いつもはオリンパスの小さなカメラを持って行ってたのですが、ある時、自分の家に何ていう名前かは忘れましたが、古いカメラが一台あるのに気づき、そのころ私を子分のように従えて、あちらこちらに蒸気機関車の写真を撮りにつれて行ってくれていた友達の兄貴に見せたところ、シャッタースピードが調整できるカメラであることがわかりました。
その友達の兄貴が言うには、このカメラがあれば流し撮りができるぞということで、広田尚敬さんの写真集から蒸気機関車を真横から写した流し撮りのカットを見せてくれて、「こういう写真が撮れるんだ。」と教えてくれました。
そこで早速次の日曜日に流し撮りの練習をしようと考えた私は、電車を真横から撮影するポイントはなかなかないので、道路を走るバスを真横から狙うことにしました。


これがその時の写真です。
初めての流し撮りですが、戦後間もないころのカメラを使って小学6年生が写したんだから、こんなもんでしょう。
私はバスマニアではありませんので、バスの形式はわかりませんが、ちょっと丸っこくって可愛い感じのバスは、当時は普通に走っていたもので、別に狙っていたわけではなく、たまたまやってきたバスを写したものです。

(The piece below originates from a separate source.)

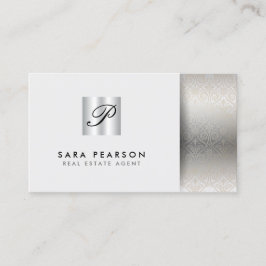 RealEstate Agent PropertyInvestment SilverMonogram Visitenkarte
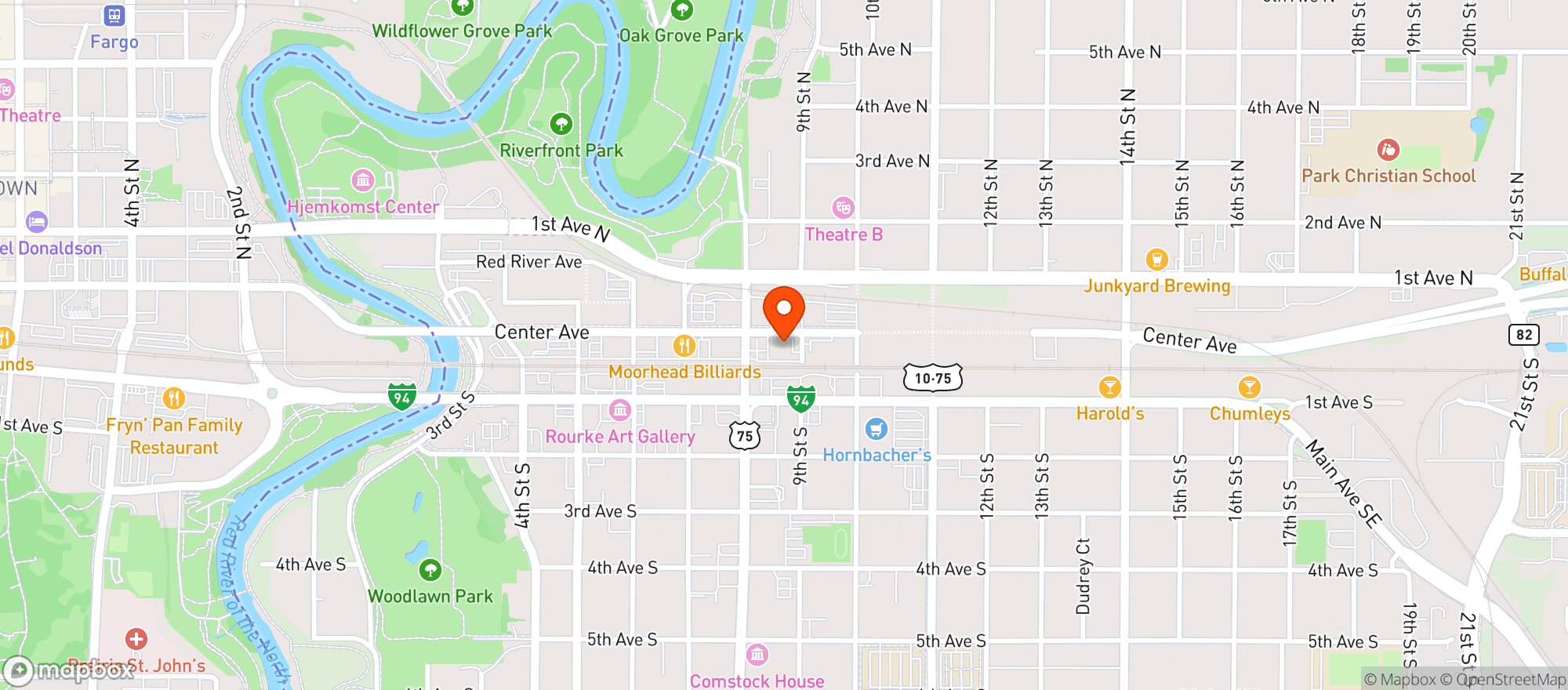 Map showing Starbird Lounge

こちらの写真は池袋駅の東武東上線ホーム。5番線に準急寄居行が停車していますが、当時の主力は8000系と7800系が半々ぐらいだったと思います。
小学校低学年の頃はピカピカの8000系が好きでしたが、高学年になると7800の方が味があるなどと思い始めた頃で、「このシーンもいずれ見られなくなるだろう。」などと考えてシャッターを切った生意気なガキだったわけです。

その池袋のデパートの上から見た池袋駅がこちら。
茶色い電気機関車が引く長い貨物列車が発車していきます。
当時、浜松町の世界貿易センタービルや新宿の京王プラザホテルなどの高層ビルはいくつかありましたが、サンシャインができる前の池袋では東武デパートの15階が一番高いところで、そこから見る池袋駅は模型のようでとても良い眺めでした。

その池袋のデパートの屋上では小柳ルミ子ショウが行われていました。
私は芸能人には全く興味なかったのですが、せっかくだからとシャッターを切った1枚。
今思うと、まだデビューまもないころの小柳ルミ子さんは可愛かったですね。
今から41年前、小学校6年生の時の東京少年の日常の1コマです。
今、いすみ鉄道に写真を撮りに来ている小学生や中学生が、40年後にどういう大人になっていて、どういう写真が残っているかって考えると楽しみですね。
その時には私はもういませんが、今の子供たちが一人でも多くいすみ鉄道を楽しんでくれれば、ローカル線が後世につながっていくことができるのではないでしょうか。